Two hundred and fifty one years ago, on this night, the Scottish poet Robert Burns was born. Though I have a wee bit o’ Scottish blood in me, I’ve never been an avid celebrator of the anniversary, which Garrison Keillor describes as an evening when, “They read Burns’ poems, sing his songs, eat haggis, and drink lots of whiskey.” Alas, the only whiskey in my house is Bushmills.
Burns stays with me for a different reason. As one who taught ninth grade English for a decade, I’ve read John Steinbeck’s Of Mice and Men more times than I can count, inviting students into the sad beauty of George and Lennie’s life together. The title of the book is drawn directly from Burns:
The best laid schemes o’ mice an’ men
Gang aft agley
which is often paraphrased in English as, “The best laid plans of mice and men often go awry.”
You may not remember much about the book. The fact is George and Lennie never had really big plans. Lennie was mentally disabled and looked at life with brutal simplicity. If George had had plans before Lennie, he had already laid them aside to take care of his friend. When they did talk about schemes, they had to do with saving money to get a place together, a dream that hangs in front of them until the very last scene of the novella. George explains it this way, when Lennie coaxes him to tell how they are different from the other guys working alongside them.
Guys like us, that work on ranches, are the loneliest guys in the world. They got no family. They don’t belong no place. . . . With us it ain’t like that. We got a future. We got somebody to talk to that gives a damn about us. We don’t have to sit in no bar room blowin’ in our jack jus’ because we got no place else to go. If them other guys gets in jail they can rot for all anybody gives a damn. But not us.
What ultimately shapes us are not the plans we make, but the people we choose. I thought again today about the anniversary party I went to the other night. Though some attention was given to the various positions Rev. Cheek had held during his forty year ministry at his church, the stories that mattered were told by family and friends about family and friends, the laughter was as deep and resonant as the love that filled the room. Burns was right: the best laid plans won’t work out, mostly. What gives life its meaning are not our successes, for the most part, but those with whom we chose to share the failures, as well as the fun times. We call them our life stories, after all, not our life maps.

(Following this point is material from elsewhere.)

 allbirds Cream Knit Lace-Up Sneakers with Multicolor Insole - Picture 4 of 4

Here’s something Steinbeck wrote in his journal about a year after he published Of Mice and Men:
In every bit of honest writing in the world there is a base theme. Try to understand men; if you understand each other you will be kind to each other. Knowing a man well never leads to hate and nearly always leads to love. There are shorter means, many of them. There is writing promoting social change, writing punishing injustice, writing in celebration of heroism, but always that base theme. Try to understand each other.

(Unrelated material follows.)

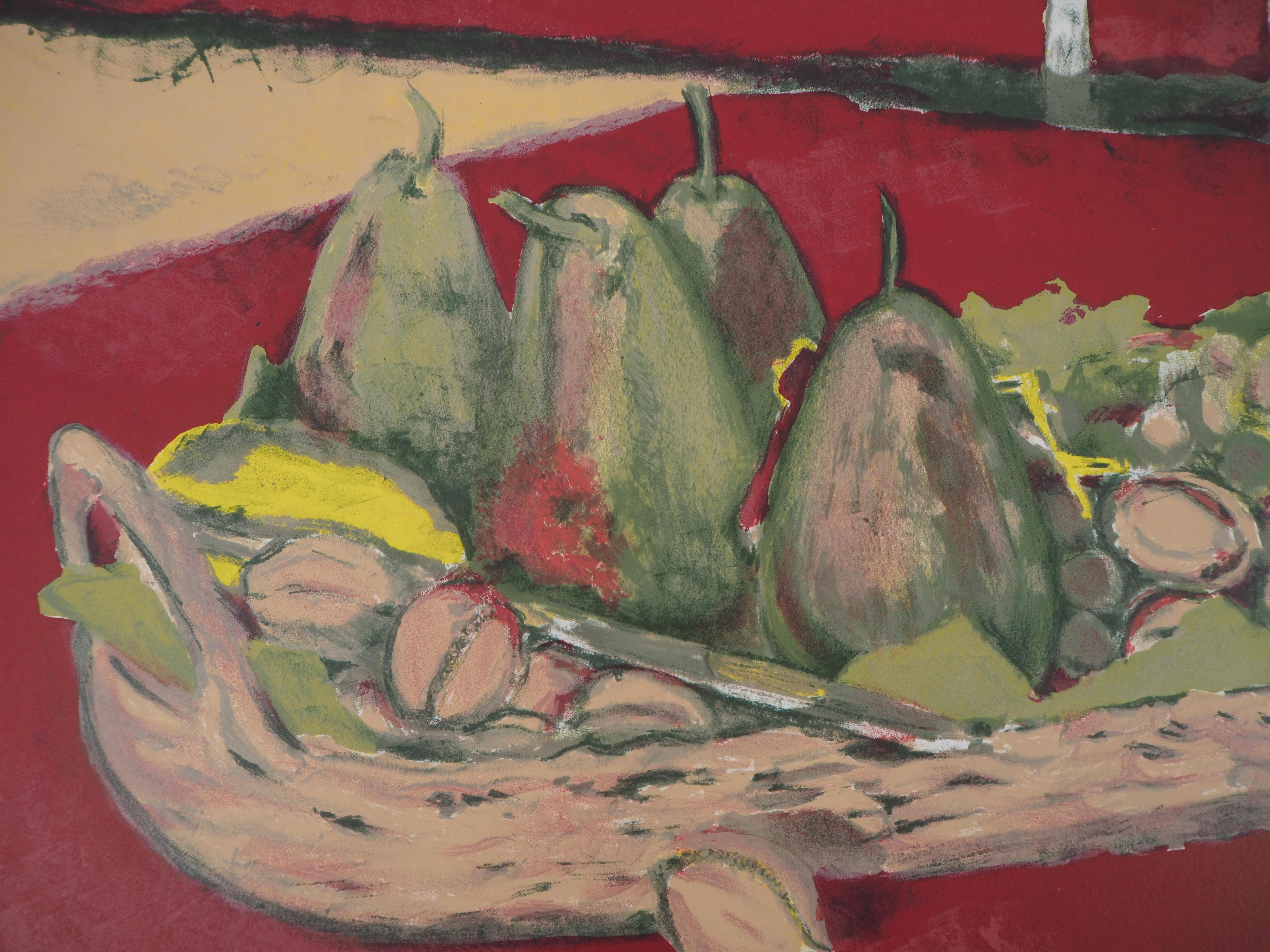 Naturaleza muerta con peras y grappes - Litografía original, Firmada a mano - Still-Life Print Marrón de Maurice Brianchon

If I think of my life in terms of plans, and plans gang aft agley, it makes about as much sense as a street map of downtown Boston. I’ve gone from being a pastor to a chaplain to a youth minister to a high school English teacher to a chef, with a couple of detours here and there. I’ve not gotten rich, to say the least. If life is some sort of distinguishable path, I’m hard pressed to show mine as a success. The good news is I don’t think of life that way. Life, to use a borrowed phrase, is a journey without maps. We have to pay attention to the people around us in order to find our way.
Every chapter of my life has been filled with those who have offered love and encouragement far more profound than I have deserved, as well as forgiveness. As we close in on twenty years of marriage (this April!), I feel more than ever what I have said before: whatever any kind of final judgment may look like, I believe simply saying, “I was with her,” will be enough to validate my existence, for she is the love of my life.
I have had plans along the way; I still have some. To this point, none of them has worked out as I either hoped or expected. Still, I spent the evening cooking with Abel and Arnaldo and came home to Ginger and the Schnauzers, so I understand exactly what George was saying: I got a future because somebody gives a damn about me.
What an excellent post, Milton, especially now for me. My 53rd birthday is in 2 weeks; I just lost my Mother. I wish I had had the courage you’ve demonstrated to change careers, shake things up, take “the road not taken”; I’ve had a nice career (it’s not over, I hope, merely detoured), but I can’t say I’m rich (or richer) for it. However, like you, I’m rich in the way it counts: friends and family who love me.
I’m glad you reminded me of that today.
Deep and beautiful, and just what I needed today. Thanks, Milton.